**Task instructions:** First find the line with "Now that parameter", then reproduce it and all following lines of the data to the end, exactly and with no pictures, adding nothing.
---------- Data supplied ----------
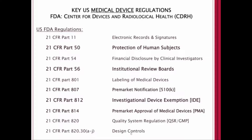If you're losing sleep and having trouble sleeping, I would encourage you to pick these regulations up and start reading them because you'll be able to fall asleep quickly. But with that said, it's important to understand where to find the information that you need moving forward with the development of your medical device.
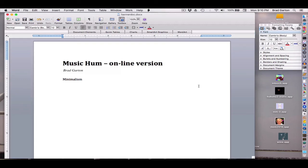Hi, this is Brad and we're gonna talk about three more composers in this video and then we'll stop for now.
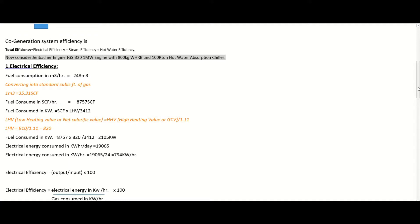Steam and chilled water are basically byproducts of the gas generator. As you already know, efficiency is output divided by input. For electrical efficiency, the output is electricity and the input is gas. For waste heat recovery boiler efficiency, the output is steam and the input is natural gas. For the hot water absorption chiller, the output is chilled water and the input is gas, because the only running source is natural gas. So the total efficiency of the cogeneration system is the sum of electrical efficiency, steam efficiency, and hot water efficiency.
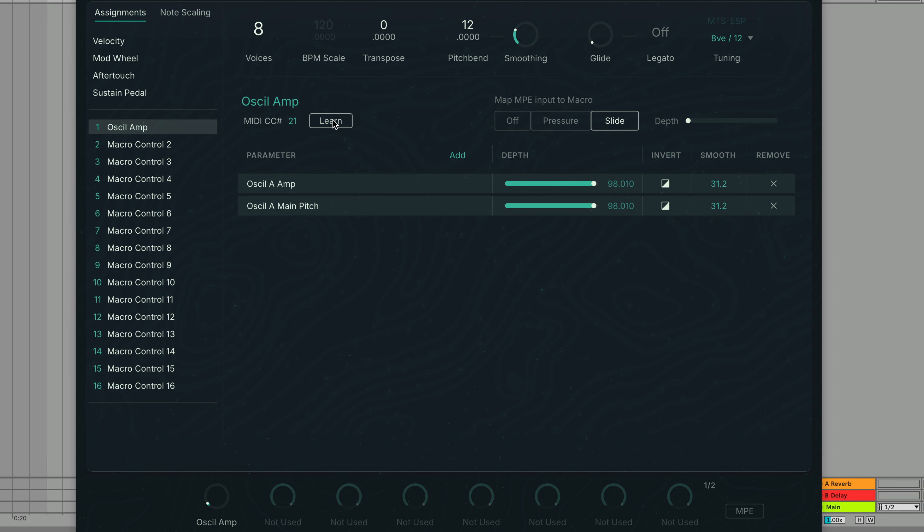Now that parameter will be assigned to the macro. There is a link in the description below. So, check out the other Absynth 6 videos in this playlist.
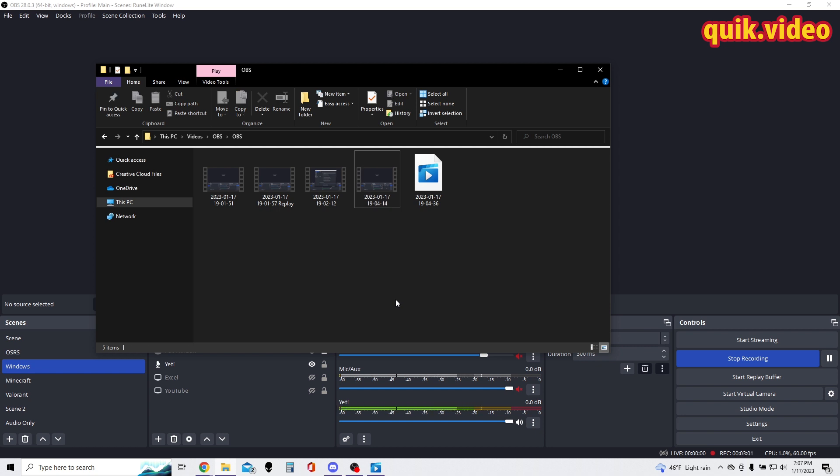But that is how you change the file name of a recording in OBS. You can change whatever you want. Again, I like it to be the dates - it's just easy for me to sort and filter by, but you can do whatever you want. That was a quick video on how to change and customize a file name in OBS.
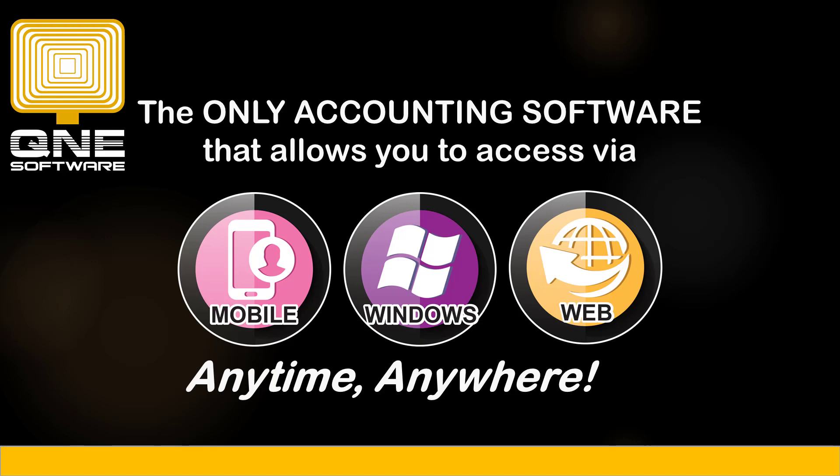Welcome to Q&E software, the only accounting software that allows you to access via mobile, Windows, and web anytime, anywhere.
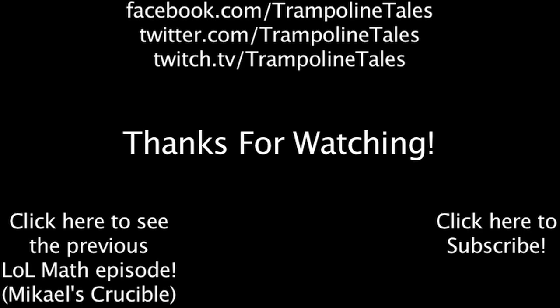Make sure to like this video if you enjoyed it, and subscribe if you'd like to be informed whenever I release new videos. Click the annotation on the screen if you'd like to see the previous LawMath episode. You can also like LawMath on Facebook, follow me on Twitter, and watch me livestream on Twitch. Thanks for watching this episode of LawMath.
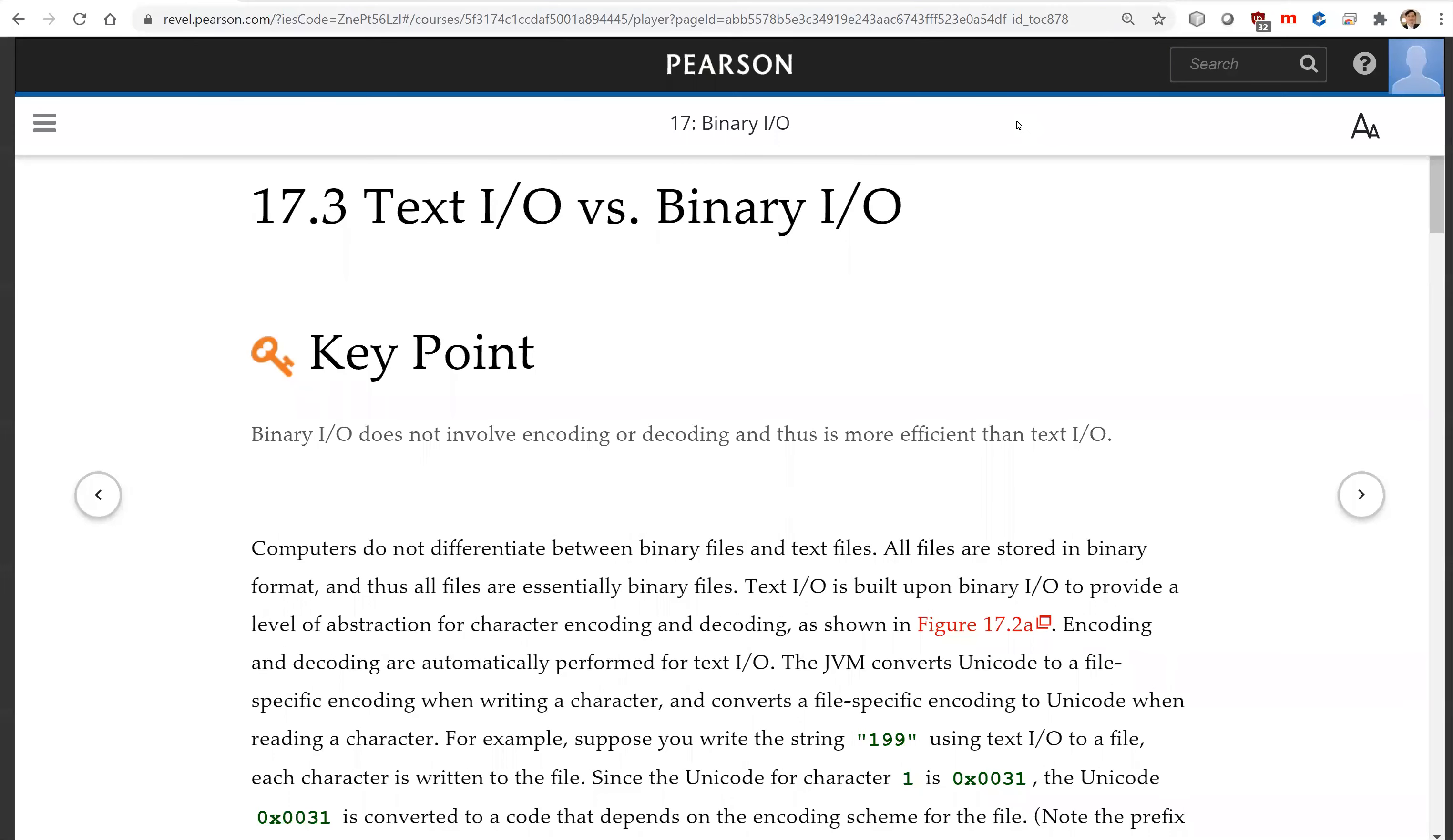Hello, in this video we will look at TextIO versus BinaryIO. BinaryIO does not involve encoding or decoding and thus is more efficient than TextIO.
----------
**Your solution:**
Now that parameter will be assigned to the macro. There is a link in the description below. So, check out the other Absynth 6 videos in this playlist.
But that is how you change the file name of a recording in OBS. You can change whatever you want. Again, I like it to be the dates - it's just easy for me to sort and filter by, but you can do whatever you want. That was a quick video on how to change and customize a file name in OBS.
Welcome to Q&E software, the only accounting software that allows you to access via mobile, Windows, and web anytime, anywhere.
Make sure to like this video if you enjoyed it, and subscribe if you'd like to be informed whenever I release new videos. Click the annotation on the screen if you'd like to see the previous LawMath episode. You can also like LawMath on Facebook, follow me on Twitter, and watch me livestream on Twitch. Thanks for watching this episode of LawMath.
Hello, in this video we will look at TextIO versus BinaryIO. BinaryIO does not involve encoding or decoding and thus is more efficient than TextIO.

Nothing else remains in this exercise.